Raging fires choke top cities in Australia
DEFIANT PM Scott Morrison denies his climate policies are causing bushfires
SYDNEY: Australia’s Prime Minister on Thursday denied his climate policies had caused unprecedented bushfires ravaging the country and insisted his government was doing enough to tackle global warming.
As dozens of new blazes scorched the countryside and the country’s largest city was cloaked in hazardous smoke, conservative leader Scott Morrison defended his climate record, saying Australia was “doing our bit”.
His comments came after weeks spent refusing to speak about the link between climate change and deadly fires described by the emergency services as unprecedented in number and scale for the early bushfire season.
As more people in the southeast of the country were told to evacuate their homes and schoolchildren in Sydney were again forced to play indoors, Morrison dismissed mounting calls for action.
“The suggestion that any way shape or form that Australia -accounting for 1.3 percent of the world’s emissions... are impacting directly on specific fire events, whether it is here or anywhere else in the world, that doesn’t bear up to credible scientific evidence,” he told ABC radio.
Scientists, former fire chiefs and residents touched by bushfires have all drawn the link between this season’s more intense fires and climate change.
Drought, unseasonably hot, dry and windy conditions have fuelled the unprecedented blazes. Scientists believe many of those factors are made worse by rising global temperatures.
On Thursday bushfires burned across every region of Australia with residents in Victoria warned to leave high-risk areas and officials in New South Wales reporting more than 600 homes have been destroyed in recent weeks.

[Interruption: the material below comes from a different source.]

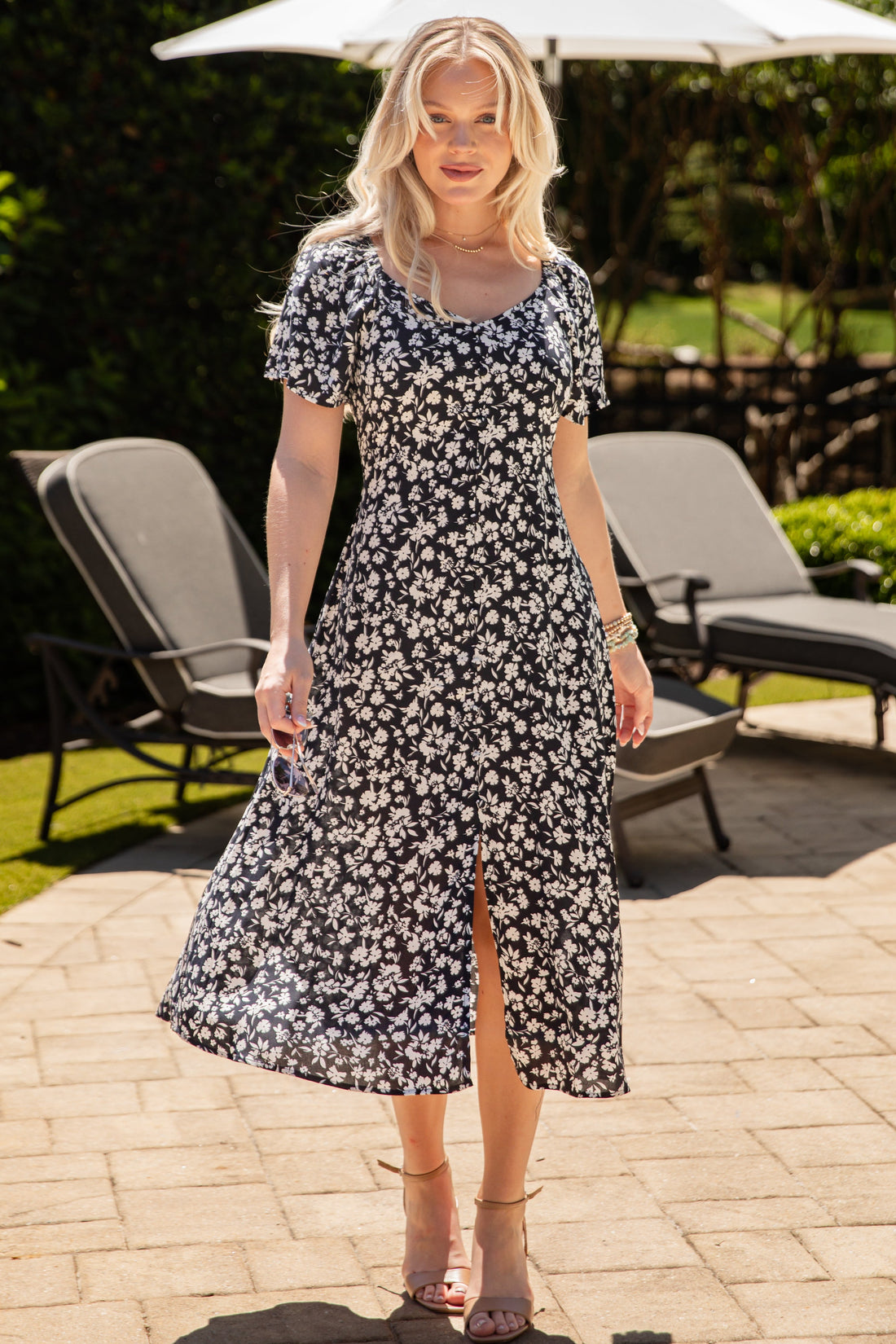 cute boutique dresses online Boutique Dresses For Women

Morrison is facing calls to cut greenhouse gas emissions and rapidly transition to renewable energy -- a sensitive debate in light of Australia’s lucrative mining industry.
Australia has signed up to globally agreed climate targets to help limit warming, but its emissions continue to rise and targets are only being met with the use of some creative carbon accounting -- using credits gained in past decades.
The country committed to cut emissions to 26-28 percent below 2005 levels by 2030 under the 2016 Paris climate accord, but emissions have risen every year since then.
And while Australia’s burning of fossil fuels accounts for only a fraction of global emissions, coal dug up Down Under and burned around the world makes the country a major emissions exporter.
Devastating fires along the country’s east coast have claimed six lives since mid-october.